Kiangan, Philippines: Man's Best Friend Over Rice
By Lauren G. Ferreira
With only two weeks of a solo, six-month trip throughout Asia remaining, I felt confident that I had successfully navigated any and all obstacles to maintaining a vegetarian diet. After trekking in Nepal, island hopping in Thailand, living the rural life in Laos, and immersing myself in the chaos of Cambodia, I had had the pleasure of sampling many delicious cuisines without compromising cultural immersion.
Having been invited to visit my friend Jordan, in Ifugao, a northern province in Luzon, Philippines, I booked a ticket posthaste. Seeing a familiar face and tasting yet another new cuisine seemed a perfect way to end the journey.
After an exhausting flight and an overnight bus trip, I arrived in the small town of Kiangan, where I met up with Jordan at his home. Wanting to show me a bit of the countryside, he arranged for us to travel to a village in a more mountainous region of Ifugao, near the famous rice terraces of Banaue. There he was to meet with the mayor on “official” business. Heading out of town the next morning by way of jeepney we ascended into the sharp-ridged, heavily-forested mountains.

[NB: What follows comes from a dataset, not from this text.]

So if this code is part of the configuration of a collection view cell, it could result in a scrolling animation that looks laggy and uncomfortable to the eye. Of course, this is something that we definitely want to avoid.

After a full day’s journey, we arrived at the sleepy hamlet. It was easy to spot the newly built, two-story, concrete municipal building amidst the handful of single-story, hand-built homes. Greeting us upon arrival, the mayor invited us to lunch. It took minutes to walk to our lunch spot in the home of one of the mayor’s staff. A group of local men were seated outside on dingy plastic chairs. I was the only woman and the tallest of the group. Two men stood up offered up their spots, make-shifting new ones for themselves from overturned crates. “Please take your seats,” the mayor pronounced.

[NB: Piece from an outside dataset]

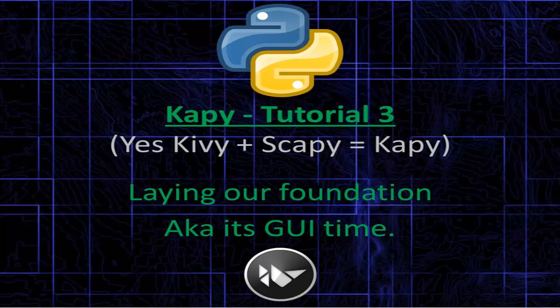KP Tutorial 3. Yes, KP and KP equals KP, or Kiwi. Laying our foundation, AKA it's GUI time.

The smell of meat cooking wafted from the kitchen. It was unmistakable. “Don't worry,” I thought to myself, “there’s bound to be rice and vegetables.” In short order a gigantic, aluminum-like pot was carried forth. Having the girth and depth of a sawed-off wine barrel, it held a mountain of white rice that could have filled a kiddie pool. The widespread arms holding the rice placed it gingerly atop the table.
Following the tremendous trough of rice were two smaller containers piled high with steaming meat. I waited for the greens to follow, but none did. Meat and rice were the only menu options. No matter how I worked it out in my head, there seemed no way to avoid eating meat without offending our hosts.
Having spent the last six months balancing my strict eating habits with the various eating habits of the cultures I was in, I had managed to strike an ideal equilibrium. Not wanting to offend my hosts, and having no intention of missing out on a unique, cultural experience, I had vowed never to refuse a direct offer from a local and had not yet done so. Somehow I had avoided eating meat without doing any of the above.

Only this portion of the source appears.